▶ [Dataset content]:
══════════

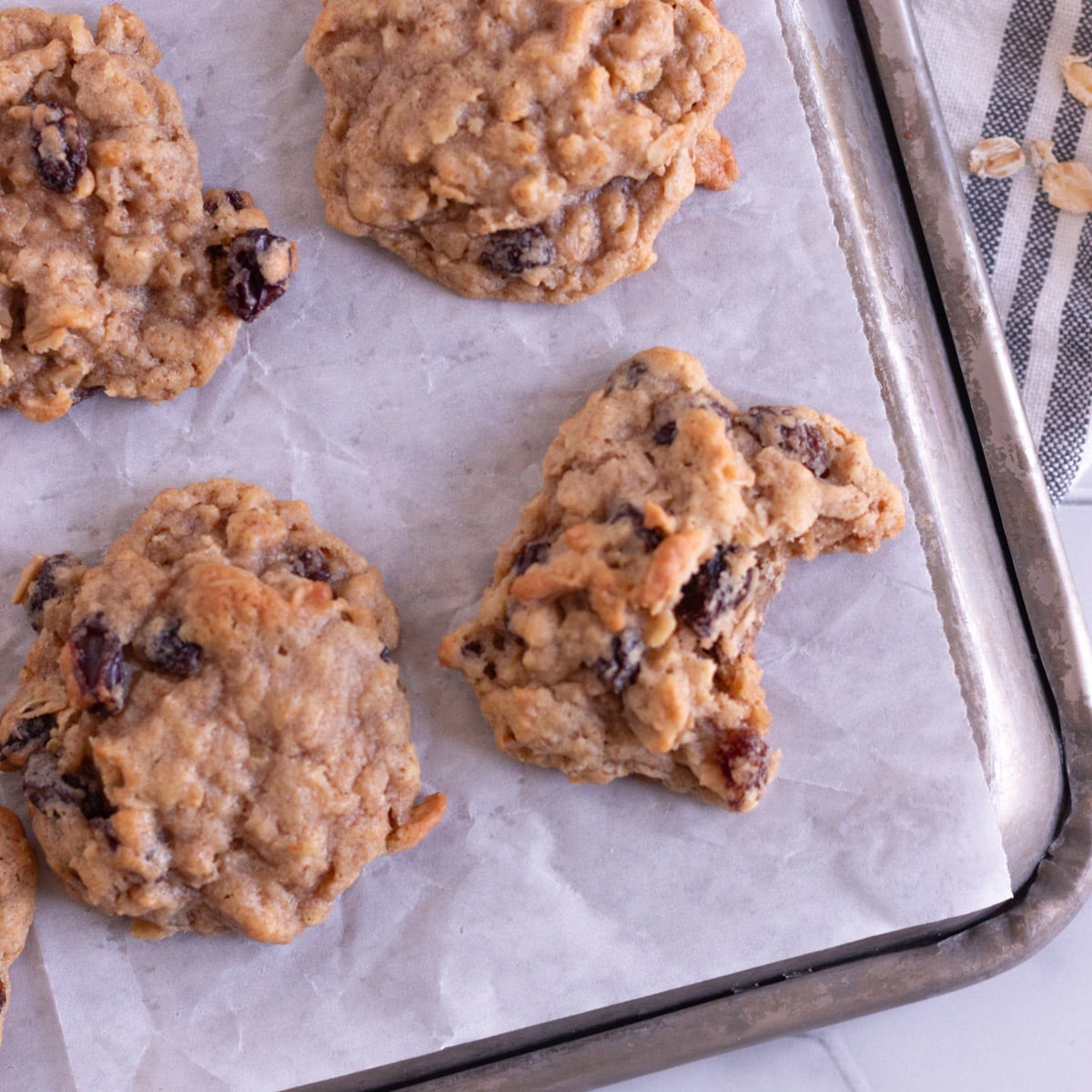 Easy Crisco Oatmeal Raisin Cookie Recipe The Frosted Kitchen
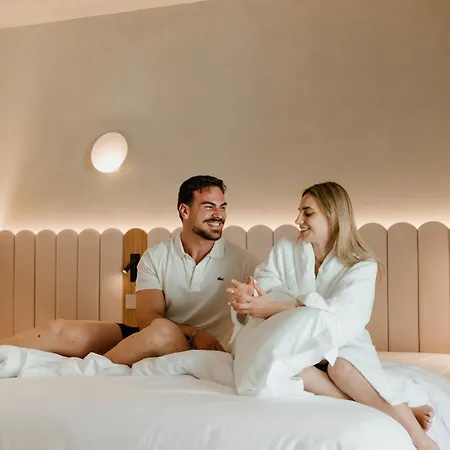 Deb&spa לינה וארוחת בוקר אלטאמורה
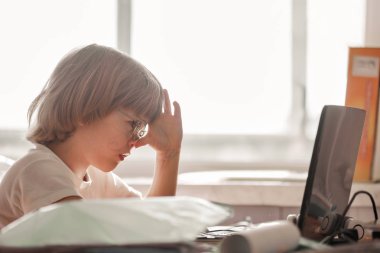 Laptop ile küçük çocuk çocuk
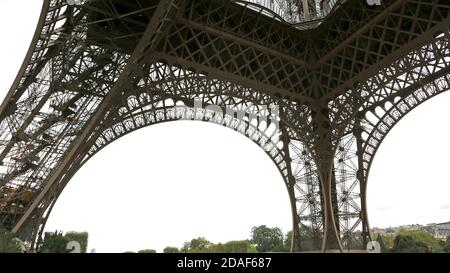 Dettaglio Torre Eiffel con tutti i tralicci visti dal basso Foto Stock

══════════

▶ [Work item]: The material above should be returned exactly, without pictures.

▶ [Task answer]:
 Easy Crisco Oatmeal Raisin Cookie Recipe The Frosted Kitchen
 Deb&spa לינה וארוחת בוקר אלטאמורה
 Laptop ile küçük çocuk çocuk
 Dettaglio Torre Eiffel con tutti i tralicci visti dal basso Foto Stock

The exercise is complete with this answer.